Compare Multimodal AI Models on Visual Reasoning

with

updated on Nov 13, 2025

We benchmarked 8 leading multimodal AI models on visual reasoning using 98 visual-based questions. The evaluation consisted of two tracks: 70 Chart Understanding questions testing data visualization interpretation, and 28 Visual Logic questions assessing pattern recognition and spatial reasoning.

Models tested include GPT-5, Gemini 2.5 Pro/Flash, Claude 4.5 Sonnet/Haiku 4.5, Grok-4-Fast, Qwen3-VL-8B-Thinking, and Llama 4 Maverick.

Visual reasoning benchmark

GPT-5 and Gemini 2.5 Pro achieved the highest overall accuracy at 63% and 65% respectively, but demonstrated opposite strengths:
- GPT-5 scored 68% on Visual Logic versus 61% on Chart Understanding, while Gemini 2.5 Pro achieved 67% on Chart Understanding but 61% on Visual Logic.
- This 7-point difference suggests task-specific optimization in their training approaches.
Qwen3-VL-8B-Thinking maintained consistent performance across both categories with 47% on Chart Understanding and 46% on Visual Logic, showing no clear specialization.
Claude 4.5 Sonnet scored 47% on charts but dropped to 36% on logic tasks, while Gemini 2.5 Flash performed similarly at 44% and 36% respectively.
Grok-4-Fast showed slight balance at 37% and 39%, while Claude Haiku 4.5 reversed the pattern with 33% on charts and 39% on logic.
Llama 4 Maverick displayed the widest performance gap:
- 43% on Chart Understanding but only 18% on Visual Logic.
- This 25-point difference indicates strong numerical data extraction capabilities but significant weakness in abstract pattern recognition and spatial reasoning tasks.

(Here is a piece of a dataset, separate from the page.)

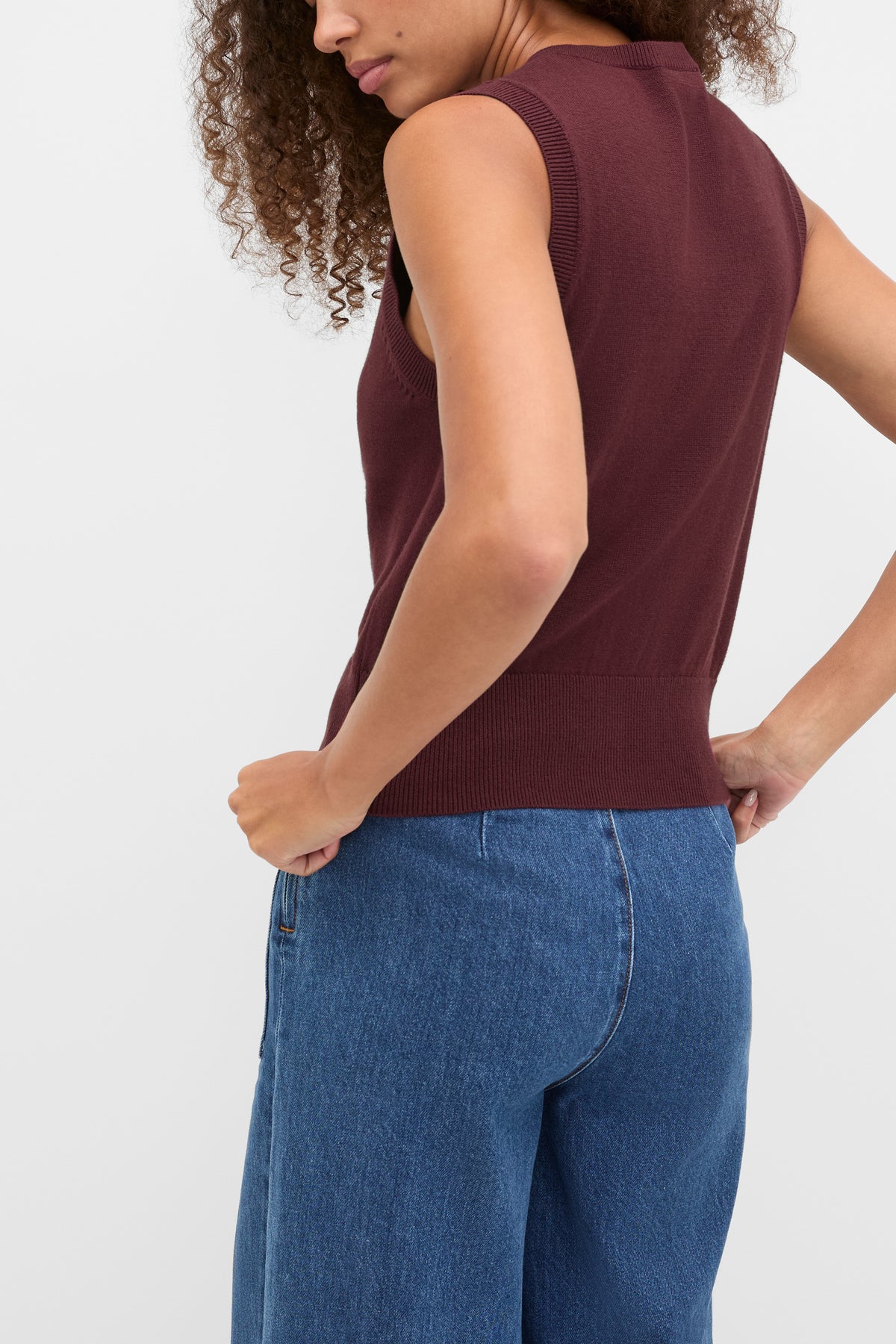 Cotton Blend Button Knit Vest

See our benchmark methodology to learn our testing procedures.

What is visual reasoning?

Visual reasoning refers to the ability of a model to interpret an image, connect its elements, extract structure and associations, and produce a correct answer to a visual reasoning question. This capability brings together computer vision and language analysis, enabling an LLM to handle multimodal tasks that require understanding both visual and textual inputs.

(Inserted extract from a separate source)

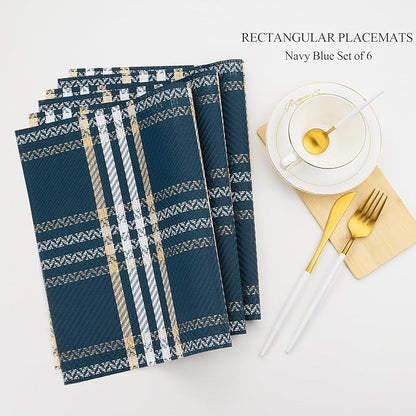 Placemats Set of 6, Washable Vinyl Place Mats Heat Resistant PVC Weave Table Mats for Dining Table Decoration Indoor/Outdoor Non-Slip Easy to Clean (Blue)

Recent research and studies present multiple frameworks showing that LLMs can interpret objects, edges, positions, and patterns in an image, and then explain how they arrived at an answer through a reasoning process.

For example, the Cola framework organizes multiple vision-language models to answer visual reasoning questions by asking each model to provide captions and plausible answers, then letting an LLM select the correct answer.

Two approaches are presented: Cola-FT, which is instruction-tuned, and Cola-Zero, which relies on in-context learning without extra training. The framework focuses on the reasoning process, using structured prompts to coordinate models and analyze their contributions.

Figure 1: Graph showing how Cola leverages a coordinative language model for visual reasoning.¹

Another example is the CVR-LLM framework, which improves reasoning by converting images into context-aware descriptions using the CaID method and selecting relevant examples with the CVR-ICL procedure. This framework treats image information as text-based representations, enabling the LLM to analyze associations more effectively across various types of multimodal tasks.²

How visual reasoning works in LLMs

LLMs do not perceive images directly. They rely on vision models that convert images into representations the LLM can understand. The mechanisms below summarize how recent models achieve visual reasoning.

Image interpretation and representation

Models first extract structured visual information using a vision encoder. The vision encoder identifies objects, textures, lines, edges, the lower part or upper part of an image, and the relations between them. This step is similar to classic image recognition, but the output format is tailored for language models.

LLMs then receive this representation along with the question. The model must combine these inputs to build a reasoning chain. For example, when asked a water-image question, such as identifying what people are doing in the middle of a river, the LLM must connect the appearance of the people, the positions of the objects, and the context clues provided.

Recent research suggests two types of mechanisms for solving complex visual scenarios.

In the coordination form, an LLM serves as a central hub that integrates outputs from multiple vision models. Each model may focus on different patterns, and the LLM merges these descriptions to reach the endpoint. This mechanism allows the LLM to cross-check plausible answers and choose one that fits the question and the visual evidence.
In the refinement form, the LLM guides the image captioner through several steps. The LLM may point out missing information or ask clarifying questions. This feedback loop reprocesses the image, aligning the caption with the multimodal reasoning process. The refined description helps the LLM detect symbols, signs, or associations that the initial caption may have overlooked.

Both mechanisms address limitations found in existing methods where a single model often fails to analyze complex scenarios.

In-context learning for multimodal reasoning

Some frameworks extend the process by retrieving similar examples from training data. The LLM receives a set of demonstrations that match the structure of the target question. These examples provide the model with a template for interpreting similar diagrams or images.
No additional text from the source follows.